All earth's a monastery; it only needs true men.


#687: From Rumi's Kolliyaat-e Shams-e Tabrizi


dervish
1585, from Turk. dervish, from Pers. darvesh, darvish "beggar, poor," hence "religious mendicant;" equivalent of Arabic faqir (cf. fakir). The "whirling dervishes" are just one order among many.


Because I've been discussing Sufism, I thought I'd frankly search for dervish among Rumi's first lines. Here he writes that knowing pain is what matures us. A monastery - or any shelter from life's turbulence - does not help us to grow. Life is the best teacher there.

This has come to me while I have been craving security, longing for more assurance of familiar patterns, longing especially for secure food supply and secure warmth and comfort as winter approaches. The end of autumn is a scary time, even in a place where winter is hardly severe at all.

The etymology for dervish shows its origin in Persian and in the notion of poverty as a condition of the religiously devout.
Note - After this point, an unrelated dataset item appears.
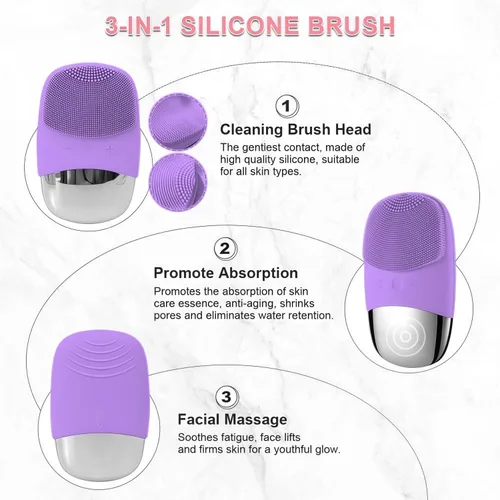 Miniatura 4 de MEGAN Cepillo de limpieza facial, limpiador facial de silicona eléctrico recargable por USB, masajeador facial sónico impermeable IPX7, cepillo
It does not need to be taken literally (I hope) for Sufi dervishes are no longer beggars. In my neighbourhood there is a woman who carries a cassette player and sings along to it in the public thoroughfare. She is a bit of a Christian loony, singing her songs of praise of the Lord. She is surely in the tradition of the dervish, bringing her devotion out to the world to be aired. I smiled at her once and she seemed to really appreciate that. She often talks to the (mainly) Muslims in this area. She is tolerated, perhaps even gently loved. My smile was my alms, for this woman might simply be poor in supporting love and guidance. She's found what she needs within herself even if she seems to find it through her Bible. She stands in the streets, she doesn't closet herself at home like I do. She is "a man" as Rumi would say. Am I?